● Given data
*** Block opens ***

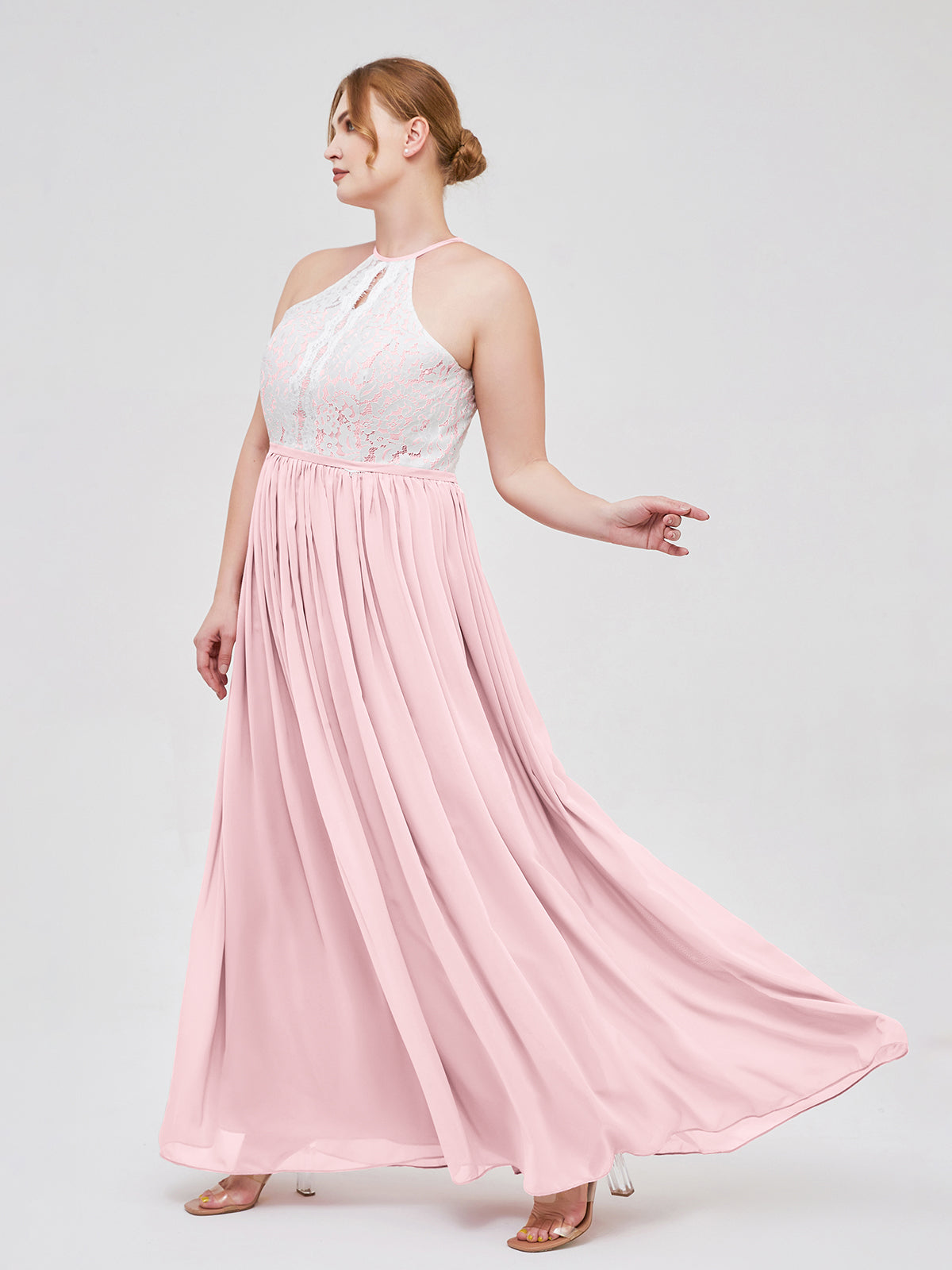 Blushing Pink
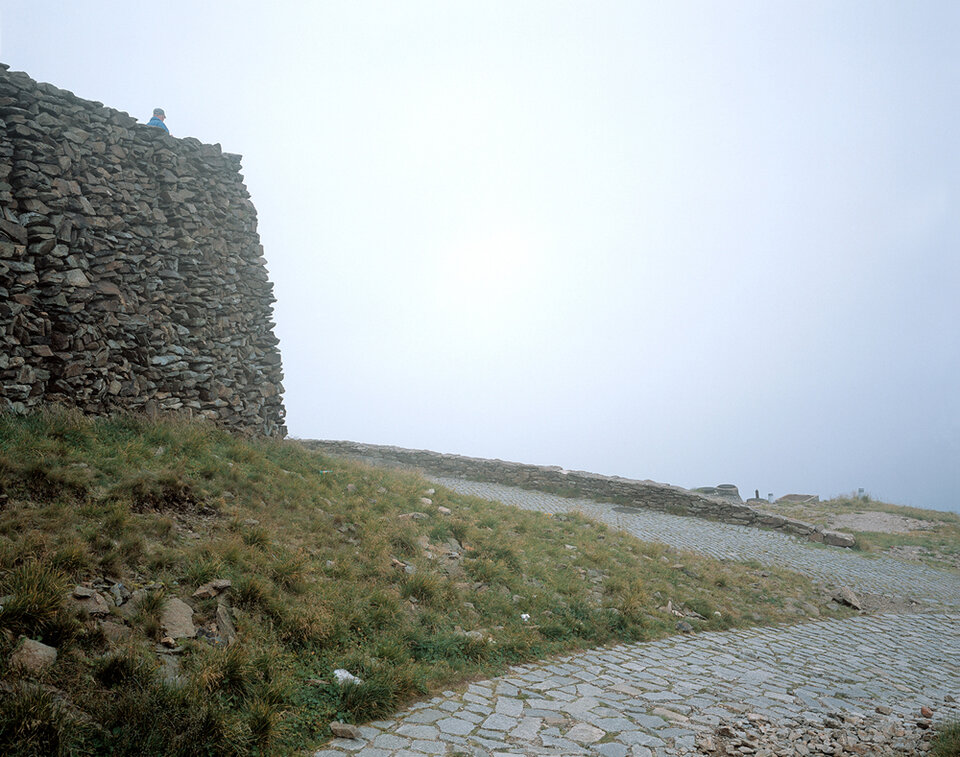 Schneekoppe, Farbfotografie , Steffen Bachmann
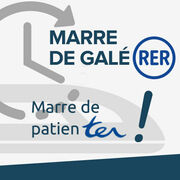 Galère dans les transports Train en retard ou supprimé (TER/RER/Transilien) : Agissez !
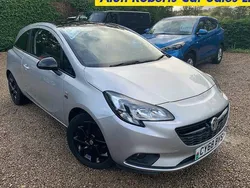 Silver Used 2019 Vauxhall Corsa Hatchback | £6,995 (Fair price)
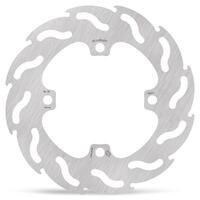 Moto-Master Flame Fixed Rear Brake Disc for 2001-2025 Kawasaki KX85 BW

*** Block closes ***
*** Block opens ***

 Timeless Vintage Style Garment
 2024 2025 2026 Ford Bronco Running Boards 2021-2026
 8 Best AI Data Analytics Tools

*** Block closes ***

● Aim of the task
What you return must be an exact retyping of the lines above starting at the line with "2024 2025 2026" and ending at the line with "8 Best AI Data Analytics Tools", and nothing besides.

● Answer
 2024 2025 2026 Ford Bronco Running Boards 2021-2026
 8 Best AI Data Analytics Tools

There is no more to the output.